Turkey and surrounding countries in the eastern Mediterranean region have suffered the worst drought in 900 years, a new study by NASA's Goddard Institute for Space Studies says.
Turkey has multiple climates due to its diverse terrain, yet faces the risk of desertification, which like in other countries, stems from the onset of climate change that contributes to drought along with other factors such as the misuse of agricultural lands, harmful irrigation methods and other poor practices. More than half of Turkish soil has the characteristics of arid, semi-arid and semi-humid climates. Turkey's central and southeastern regions, known for their vast flatlands and steep mountains, are particularly vulnerable to the risk of desertification.
NASA scientists studied tree rings in the region to understand the climate and shifting of water to or from the area. Along with identifying the driest years, they sought patterns in the geographic distribution of droughts for a "fingerprint" for identifying the underlying causes, according to an online statement from the Goddard Institute.
"The magnitude and significance of human climate change requires us to really understand the full range of natural climate variability," said Ben Cook, the lead author of the study, according to a press release from NASA. "If we look at recent events and we start to see anomalies that are outside this range of natural variability, then we can say with some confidence that it looks like this particular event or this series of events had some kind of human-caused contribution to climate change," he added.

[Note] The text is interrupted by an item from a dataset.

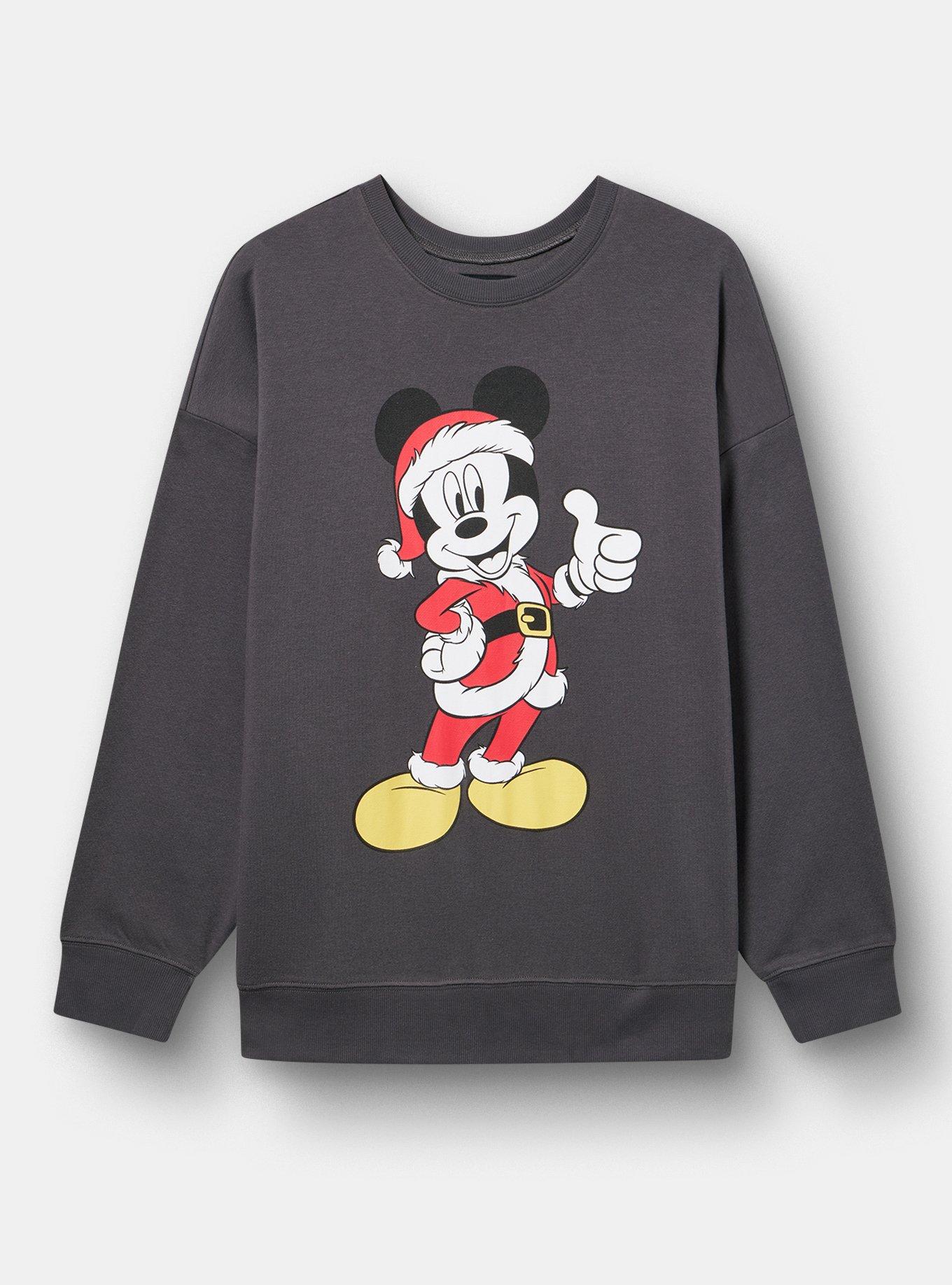 Mickey Mouse Christmas Oversized Fleece Sweatshirt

In order to address concerns about future droughts, the Turkish government initiated the "1,000 Artificial Lakes in 1,000 Days" project in 2012. Through artificial lakes, 1 billion cubic meters of water is to be stored and used for the irrigation of 2.5 million acres used for cultivation. Authorities are dismissive that Turkey is at great risk of drought in the near future, but nonetheless took precautionary measures. To prevent a potential food shortage in the wake of drought, the government encourages the growing of crops that are able to be cultivated in a short period of time and will offer subsidies to farmers affected by a drought, in the aftermath of a serious drought in 2013 that dealt a blow to grain yields.